Where in the data does the word "Grey" appear? Find those lines and copy them.

-------- Study material

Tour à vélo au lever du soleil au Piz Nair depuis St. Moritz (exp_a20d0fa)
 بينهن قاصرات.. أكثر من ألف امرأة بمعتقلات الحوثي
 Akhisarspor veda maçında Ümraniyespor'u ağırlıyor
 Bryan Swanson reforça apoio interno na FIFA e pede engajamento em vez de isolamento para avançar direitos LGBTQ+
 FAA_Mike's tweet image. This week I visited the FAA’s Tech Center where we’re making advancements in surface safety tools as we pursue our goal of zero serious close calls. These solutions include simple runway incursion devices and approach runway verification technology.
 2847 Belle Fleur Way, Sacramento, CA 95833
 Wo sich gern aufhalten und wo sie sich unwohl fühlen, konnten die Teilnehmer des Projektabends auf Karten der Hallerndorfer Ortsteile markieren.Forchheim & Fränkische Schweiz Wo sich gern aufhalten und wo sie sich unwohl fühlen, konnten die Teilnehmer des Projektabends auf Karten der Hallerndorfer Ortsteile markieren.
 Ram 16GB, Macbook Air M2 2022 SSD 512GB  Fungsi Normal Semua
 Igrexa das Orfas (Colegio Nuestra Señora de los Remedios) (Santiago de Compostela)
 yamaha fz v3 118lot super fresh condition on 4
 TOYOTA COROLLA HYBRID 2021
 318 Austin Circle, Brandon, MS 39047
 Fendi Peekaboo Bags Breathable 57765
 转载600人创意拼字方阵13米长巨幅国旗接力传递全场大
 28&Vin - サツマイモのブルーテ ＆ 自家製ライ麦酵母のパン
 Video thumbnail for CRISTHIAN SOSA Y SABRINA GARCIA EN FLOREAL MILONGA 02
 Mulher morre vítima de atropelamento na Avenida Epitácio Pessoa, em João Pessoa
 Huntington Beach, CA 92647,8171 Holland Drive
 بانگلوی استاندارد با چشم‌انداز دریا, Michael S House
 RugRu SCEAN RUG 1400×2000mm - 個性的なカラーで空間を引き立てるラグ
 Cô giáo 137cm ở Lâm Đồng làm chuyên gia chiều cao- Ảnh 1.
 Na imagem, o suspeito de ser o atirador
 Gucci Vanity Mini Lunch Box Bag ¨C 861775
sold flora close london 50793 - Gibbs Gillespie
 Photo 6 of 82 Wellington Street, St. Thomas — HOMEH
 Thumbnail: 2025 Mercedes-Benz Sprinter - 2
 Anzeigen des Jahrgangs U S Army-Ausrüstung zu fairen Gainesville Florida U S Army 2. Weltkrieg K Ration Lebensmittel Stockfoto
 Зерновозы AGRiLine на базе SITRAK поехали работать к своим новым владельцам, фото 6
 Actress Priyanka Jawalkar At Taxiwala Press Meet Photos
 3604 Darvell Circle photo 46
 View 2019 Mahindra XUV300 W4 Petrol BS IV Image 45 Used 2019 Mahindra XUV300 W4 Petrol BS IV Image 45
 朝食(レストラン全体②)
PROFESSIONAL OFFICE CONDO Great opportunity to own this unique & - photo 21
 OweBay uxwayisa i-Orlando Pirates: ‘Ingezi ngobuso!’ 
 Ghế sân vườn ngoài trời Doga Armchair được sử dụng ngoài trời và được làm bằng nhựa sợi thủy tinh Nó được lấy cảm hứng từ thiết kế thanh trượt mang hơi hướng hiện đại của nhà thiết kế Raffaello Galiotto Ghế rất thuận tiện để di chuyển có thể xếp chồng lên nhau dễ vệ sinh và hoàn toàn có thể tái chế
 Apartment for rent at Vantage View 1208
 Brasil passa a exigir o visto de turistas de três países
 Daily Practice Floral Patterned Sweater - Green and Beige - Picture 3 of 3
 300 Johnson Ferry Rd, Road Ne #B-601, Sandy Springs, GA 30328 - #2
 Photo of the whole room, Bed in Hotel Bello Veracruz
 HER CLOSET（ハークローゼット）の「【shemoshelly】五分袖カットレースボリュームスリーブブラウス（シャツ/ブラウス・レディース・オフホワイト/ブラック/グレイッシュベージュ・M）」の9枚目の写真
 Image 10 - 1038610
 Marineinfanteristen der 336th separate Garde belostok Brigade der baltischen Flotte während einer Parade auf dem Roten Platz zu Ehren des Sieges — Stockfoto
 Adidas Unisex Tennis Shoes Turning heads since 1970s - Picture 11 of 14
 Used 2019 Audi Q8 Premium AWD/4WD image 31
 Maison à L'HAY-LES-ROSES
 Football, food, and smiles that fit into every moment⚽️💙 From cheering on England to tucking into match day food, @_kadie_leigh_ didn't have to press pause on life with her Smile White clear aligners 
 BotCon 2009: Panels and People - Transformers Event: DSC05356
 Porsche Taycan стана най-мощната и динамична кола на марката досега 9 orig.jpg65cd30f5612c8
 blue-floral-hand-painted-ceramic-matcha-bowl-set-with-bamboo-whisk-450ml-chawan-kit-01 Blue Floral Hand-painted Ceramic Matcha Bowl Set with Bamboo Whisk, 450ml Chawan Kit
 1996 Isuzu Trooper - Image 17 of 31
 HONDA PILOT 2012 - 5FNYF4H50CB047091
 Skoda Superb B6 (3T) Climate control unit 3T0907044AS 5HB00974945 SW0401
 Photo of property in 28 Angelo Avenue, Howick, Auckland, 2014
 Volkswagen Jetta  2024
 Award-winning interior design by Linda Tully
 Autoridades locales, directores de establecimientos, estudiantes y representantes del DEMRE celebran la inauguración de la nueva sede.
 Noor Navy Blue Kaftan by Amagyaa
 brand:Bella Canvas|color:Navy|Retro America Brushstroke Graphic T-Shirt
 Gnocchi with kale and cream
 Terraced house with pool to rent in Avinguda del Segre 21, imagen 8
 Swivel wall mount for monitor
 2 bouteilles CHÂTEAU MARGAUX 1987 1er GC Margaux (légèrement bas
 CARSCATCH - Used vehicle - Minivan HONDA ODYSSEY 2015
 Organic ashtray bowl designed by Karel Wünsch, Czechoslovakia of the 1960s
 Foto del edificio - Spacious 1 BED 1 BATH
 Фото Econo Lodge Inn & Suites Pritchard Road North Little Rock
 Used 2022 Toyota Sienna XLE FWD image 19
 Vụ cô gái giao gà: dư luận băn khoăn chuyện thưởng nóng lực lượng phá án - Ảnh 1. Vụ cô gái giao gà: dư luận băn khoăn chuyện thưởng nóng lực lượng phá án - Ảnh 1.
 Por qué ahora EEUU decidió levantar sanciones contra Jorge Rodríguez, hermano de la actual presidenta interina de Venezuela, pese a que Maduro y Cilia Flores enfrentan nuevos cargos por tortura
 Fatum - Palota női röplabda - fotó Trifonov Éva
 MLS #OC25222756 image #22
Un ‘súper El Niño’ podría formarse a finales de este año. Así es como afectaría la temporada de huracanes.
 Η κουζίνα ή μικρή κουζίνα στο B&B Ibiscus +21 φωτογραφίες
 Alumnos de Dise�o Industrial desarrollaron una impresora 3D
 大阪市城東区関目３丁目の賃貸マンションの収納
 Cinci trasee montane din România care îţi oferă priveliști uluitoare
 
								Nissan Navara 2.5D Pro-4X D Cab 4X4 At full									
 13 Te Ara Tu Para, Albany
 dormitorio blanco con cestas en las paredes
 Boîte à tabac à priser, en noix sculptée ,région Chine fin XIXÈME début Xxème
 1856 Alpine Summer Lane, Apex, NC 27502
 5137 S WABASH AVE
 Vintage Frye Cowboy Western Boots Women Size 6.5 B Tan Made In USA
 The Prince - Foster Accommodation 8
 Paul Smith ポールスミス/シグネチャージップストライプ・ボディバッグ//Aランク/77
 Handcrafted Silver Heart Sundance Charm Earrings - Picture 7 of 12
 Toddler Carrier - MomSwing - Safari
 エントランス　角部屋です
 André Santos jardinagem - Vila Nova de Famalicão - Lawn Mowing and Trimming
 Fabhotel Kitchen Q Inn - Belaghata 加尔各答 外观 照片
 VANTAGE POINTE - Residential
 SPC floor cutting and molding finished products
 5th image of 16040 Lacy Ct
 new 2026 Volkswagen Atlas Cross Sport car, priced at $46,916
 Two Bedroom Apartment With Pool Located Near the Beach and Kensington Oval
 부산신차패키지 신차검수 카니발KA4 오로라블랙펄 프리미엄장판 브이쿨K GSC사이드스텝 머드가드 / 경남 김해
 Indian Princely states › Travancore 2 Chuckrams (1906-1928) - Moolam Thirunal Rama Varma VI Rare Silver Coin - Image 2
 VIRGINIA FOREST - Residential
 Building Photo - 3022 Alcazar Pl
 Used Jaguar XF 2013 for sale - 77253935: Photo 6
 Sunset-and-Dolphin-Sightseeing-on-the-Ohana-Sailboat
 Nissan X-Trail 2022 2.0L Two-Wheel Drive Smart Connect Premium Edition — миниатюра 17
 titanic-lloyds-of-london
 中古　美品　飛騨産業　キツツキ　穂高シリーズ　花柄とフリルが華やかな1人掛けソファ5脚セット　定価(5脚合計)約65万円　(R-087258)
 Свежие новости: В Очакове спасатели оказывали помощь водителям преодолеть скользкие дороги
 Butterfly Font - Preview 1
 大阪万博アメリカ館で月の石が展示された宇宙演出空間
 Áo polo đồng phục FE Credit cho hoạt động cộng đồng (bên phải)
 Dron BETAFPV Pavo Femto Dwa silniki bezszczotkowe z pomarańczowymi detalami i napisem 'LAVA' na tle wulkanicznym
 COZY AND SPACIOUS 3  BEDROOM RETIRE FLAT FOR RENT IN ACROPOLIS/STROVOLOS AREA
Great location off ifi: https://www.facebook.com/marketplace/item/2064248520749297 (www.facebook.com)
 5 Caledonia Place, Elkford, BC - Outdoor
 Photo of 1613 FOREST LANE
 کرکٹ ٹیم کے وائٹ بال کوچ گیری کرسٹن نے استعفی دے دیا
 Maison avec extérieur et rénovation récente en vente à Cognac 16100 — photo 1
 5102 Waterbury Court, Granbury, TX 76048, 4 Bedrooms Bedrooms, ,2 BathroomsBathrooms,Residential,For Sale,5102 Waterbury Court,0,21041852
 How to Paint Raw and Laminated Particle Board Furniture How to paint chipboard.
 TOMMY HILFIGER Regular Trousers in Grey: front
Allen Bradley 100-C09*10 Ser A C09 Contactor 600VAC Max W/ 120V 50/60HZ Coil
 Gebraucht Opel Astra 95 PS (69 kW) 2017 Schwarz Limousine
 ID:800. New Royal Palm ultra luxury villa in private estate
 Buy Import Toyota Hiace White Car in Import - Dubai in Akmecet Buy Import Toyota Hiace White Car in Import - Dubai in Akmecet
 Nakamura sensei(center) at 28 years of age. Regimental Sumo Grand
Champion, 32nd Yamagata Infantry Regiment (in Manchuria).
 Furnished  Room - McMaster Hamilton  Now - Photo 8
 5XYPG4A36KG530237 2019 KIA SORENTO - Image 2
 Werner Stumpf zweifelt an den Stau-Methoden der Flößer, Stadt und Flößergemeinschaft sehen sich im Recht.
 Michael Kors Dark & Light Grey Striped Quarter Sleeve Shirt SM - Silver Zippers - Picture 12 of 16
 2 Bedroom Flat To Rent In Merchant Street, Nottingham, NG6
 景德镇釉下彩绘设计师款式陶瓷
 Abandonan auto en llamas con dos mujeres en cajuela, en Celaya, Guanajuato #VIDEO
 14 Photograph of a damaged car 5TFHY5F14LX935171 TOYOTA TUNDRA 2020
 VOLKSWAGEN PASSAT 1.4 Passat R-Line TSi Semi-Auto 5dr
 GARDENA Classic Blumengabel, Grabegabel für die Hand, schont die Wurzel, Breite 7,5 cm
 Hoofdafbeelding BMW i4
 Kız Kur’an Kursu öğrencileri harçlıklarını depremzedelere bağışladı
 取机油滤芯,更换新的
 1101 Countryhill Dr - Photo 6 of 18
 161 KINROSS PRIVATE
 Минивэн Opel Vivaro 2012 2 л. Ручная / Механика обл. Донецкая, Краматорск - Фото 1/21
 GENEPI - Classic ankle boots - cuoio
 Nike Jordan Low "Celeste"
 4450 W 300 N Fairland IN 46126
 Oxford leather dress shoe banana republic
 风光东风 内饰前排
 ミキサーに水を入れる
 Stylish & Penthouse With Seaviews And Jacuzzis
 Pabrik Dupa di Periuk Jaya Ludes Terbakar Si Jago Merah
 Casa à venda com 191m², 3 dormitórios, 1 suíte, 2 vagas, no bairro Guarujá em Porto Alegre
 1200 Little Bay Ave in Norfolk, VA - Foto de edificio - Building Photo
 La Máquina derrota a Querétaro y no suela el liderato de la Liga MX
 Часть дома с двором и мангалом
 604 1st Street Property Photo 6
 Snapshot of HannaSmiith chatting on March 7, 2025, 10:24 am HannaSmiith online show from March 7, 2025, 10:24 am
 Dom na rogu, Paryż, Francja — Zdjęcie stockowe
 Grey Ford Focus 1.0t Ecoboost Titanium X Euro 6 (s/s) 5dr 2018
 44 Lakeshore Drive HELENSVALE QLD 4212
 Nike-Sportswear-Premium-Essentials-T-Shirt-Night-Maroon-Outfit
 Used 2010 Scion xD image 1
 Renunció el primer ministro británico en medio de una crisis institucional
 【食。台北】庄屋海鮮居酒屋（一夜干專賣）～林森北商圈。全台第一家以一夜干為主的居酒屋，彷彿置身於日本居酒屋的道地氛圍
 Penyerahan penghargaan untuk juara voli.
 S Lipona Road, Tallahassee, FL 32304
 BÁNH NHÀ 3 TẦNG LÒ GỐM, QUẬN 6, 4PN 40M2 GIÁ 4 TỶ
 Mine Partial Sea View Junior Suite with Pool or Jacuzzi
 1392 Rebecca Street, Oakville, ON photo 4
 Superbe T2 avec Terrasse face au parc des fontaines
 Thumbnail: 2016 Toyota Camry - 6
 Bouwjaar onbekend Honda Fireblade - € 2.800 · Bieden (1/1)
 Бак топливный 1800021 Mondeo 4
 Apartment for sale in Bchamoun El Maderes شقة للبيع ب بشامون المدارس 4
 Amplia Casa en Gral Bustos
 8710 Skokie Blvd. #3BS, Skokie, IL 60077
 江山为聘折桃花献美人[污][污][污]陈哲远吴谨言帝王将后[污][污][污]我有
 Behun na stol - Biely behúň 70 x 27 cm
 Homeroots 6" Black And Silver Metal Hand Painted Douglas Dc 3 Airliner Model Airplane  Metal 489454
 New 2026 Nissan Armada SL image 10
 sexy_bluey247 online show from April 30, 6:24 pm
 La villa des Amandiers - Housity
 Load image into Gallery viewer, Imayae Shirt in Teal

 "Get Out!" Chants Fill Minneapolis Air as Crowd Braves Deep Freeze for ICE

----------------

■ Result of this exercise
 TOMMY HILFIGER Regular Trousers in Grey: front
 Michael Kors Dark & Light Grey Striped Quarter Sleeve Shirt SM - Silver Zippers - Picture 12 of 16
 Grey Ford Focus 1.0t Ecoboost Titanium X Euro 6 (s/s) 5dr 2018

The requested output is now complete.